World Steel Association
- Abbreviation: worldsteel
- Formation: 10 July 1967
- Type: Industry trade group
- Headquarters: Brussels, Belgium
- Location: Brussels;
- Key people: Chairman 2025-2026: Uğur DALBELER, Çolakoğlu Metalurji A.Ş. Vice Chair 2025-2026: Thachat Viswanath NARENDRAN, Tata Steel Abdulqader ALMUBARAK, Saudi Iron and Steel Company (Hadeed) Treasurer 2025-2026: Mark VASSELLA, BlueScope Steel Limited
- Website: www.worldsteel.org

= World Steel Association =

International trade body

World Steel Association, abbreviated as worldsteel, is the international industry association for the iron and steel sector. The association is one of the largest and most dynamic industry associations in the world, with members in every major steel-producing country. worldsteel represents steel producers, national and regional steel industry associations, and steel research institutes. Members represent around 85% of global steel production.
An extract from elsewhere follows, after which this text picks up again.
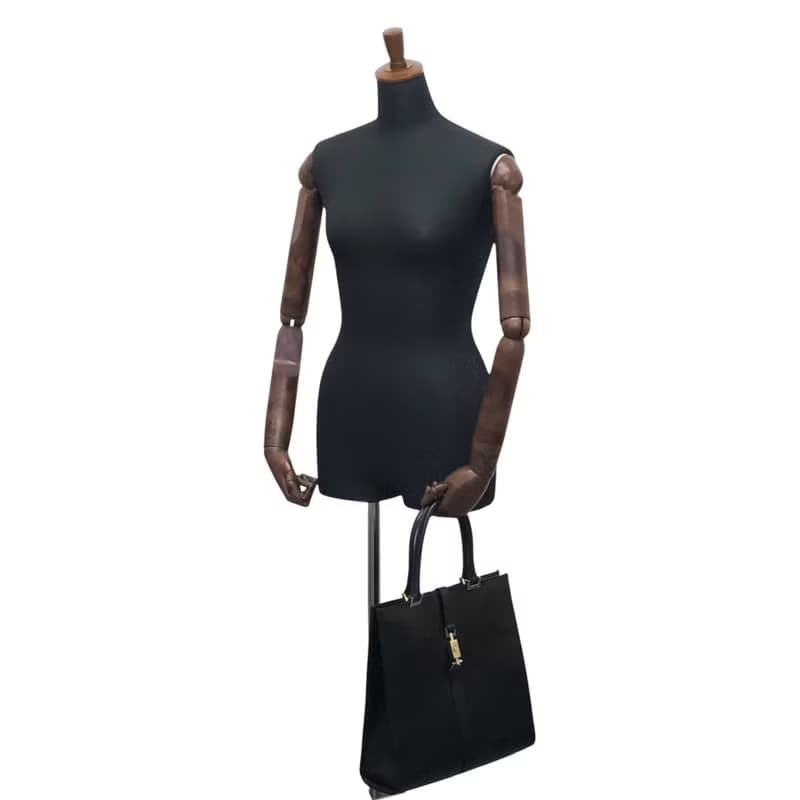 【 日本直送　名牌中古包 】GUCCI グッチ ジャッキー ハンドバッグ ブラック レザー vintage ヴィンテージ オールド 2kdzsa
It is a non-profit organisation with its headquarters in Brussels, Belgium and a second office in Beijing, China, whose purpose is to promote steel and the steel industry to customers, the industry, media and the general public.

==Membership==

Regular members consist of companies that have actual raw steel production, including steel alloys and stainless steel, and operate as independent commercial enterprises. State-controlled companies must be free to make their own economic and investment decisions and operate in a market-based economy.

Affiliated members consist of associations or federations of steel producers and any technical society or institute concerned with matters affecting the steel industry.

==Areas of activity==

The World Steel Association's key areas of activity include:

Safety and health:

The World Steel Association promotes a policy that ensures zero harm to any employee or contractor of the steel industry. The aim is to achieve an accident-free workplace across the industry.

Climate Action:

The World Steel Association has developed a global approach to tackle climate change. The World Steel Association has a policy paper on climate change and the production of iron and steel.

Economics:

The association publishes monthly production statistics and two annual statistical publications: the Steel Statistical Yearbook and World Steel in Figures. Information on future trends is published twice a year, in the form of a short range outlook for steel demand.

Sustainability:

The association and its member companies have formulated a policy on sustainable development to measure the industry's economic, environmental and social performance. The World Steel Association publishes a sustainability report every year.

Automotive:

The World Auto Steel programme stimulates innovation and the use of steel in the automotive sector.

Technology:

Modern steelmaking relies on advanced technologies. worldsteel plays an important role in benchmarking best practices, helping its members improve their businesses. Representatives from member companies meet regularly to exchange information on technological, manufacturing and operational performance.

==History==

The World Steel Association was founded as the International Iron and Steel Institute (IISI) in Brussels, Belgium on 10 July 1967. IISI opened a second office in Beijing, China, in April, 2006. The organisation changed its name to World Steel Association in October 2008.